[Source data]:
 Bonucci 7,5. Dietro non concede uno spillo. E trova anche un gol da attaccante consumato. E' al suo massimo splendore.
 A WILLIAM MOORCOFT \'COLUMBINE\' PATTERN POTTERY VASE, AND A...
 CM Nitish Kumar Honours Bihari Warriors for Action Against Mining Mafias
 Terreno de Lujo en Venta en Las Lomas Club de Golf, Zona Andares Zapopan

==

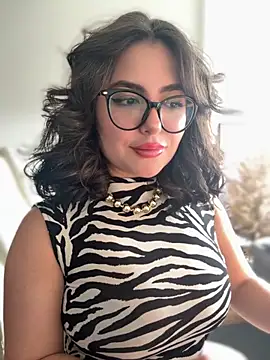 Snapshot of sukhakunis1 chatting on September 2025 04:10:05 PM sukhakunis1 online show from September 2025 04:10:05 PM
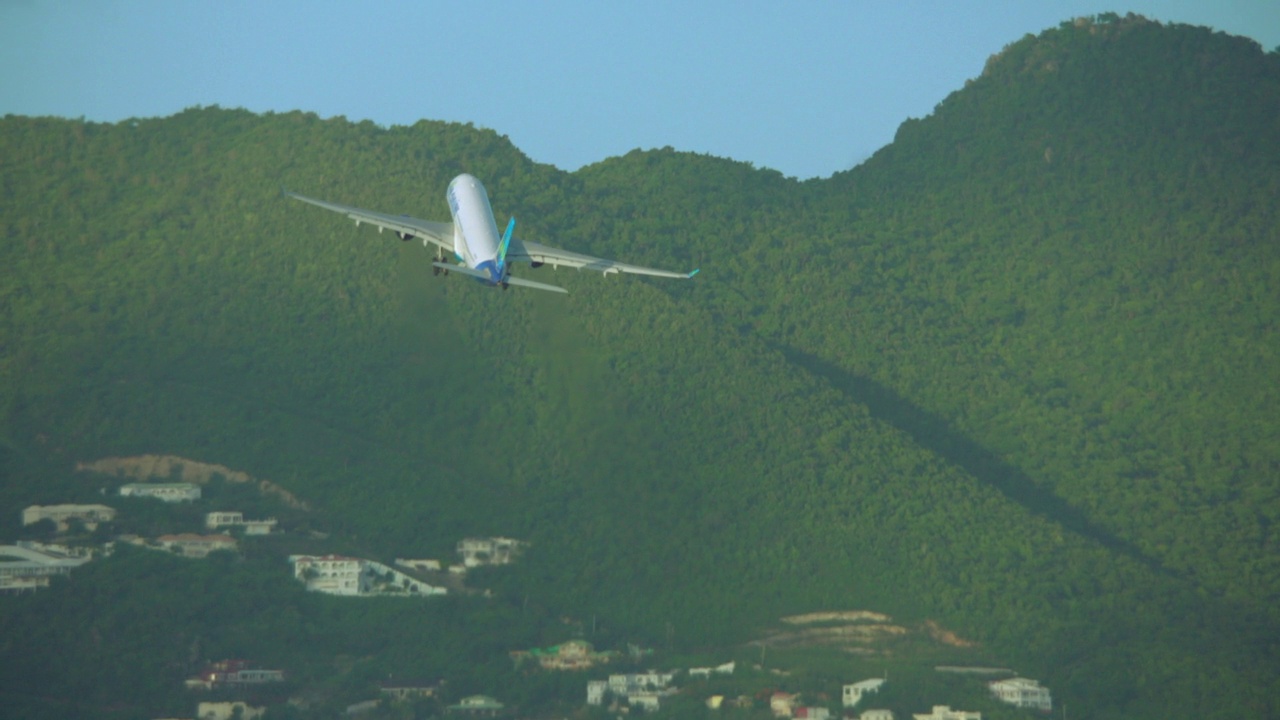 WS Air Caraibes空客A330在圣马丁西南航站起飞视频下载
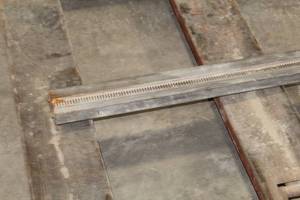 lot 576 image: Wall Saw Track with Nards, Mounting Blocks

[Work to be completed]:
Although pictures appear among the records above, none are to be output; print exactly the lines from the line containing "WS Air Caraibes空客A330在圣马丁西南航站起飞视频下载" through the line containing "lot 576 image: Wall".

[Exercise response]:
 WS Air Caraibes空客A330在圣马丁西南航站起飞视频下载
 lot 576 image: Wall Saw Track with Nards, Mounting Blocks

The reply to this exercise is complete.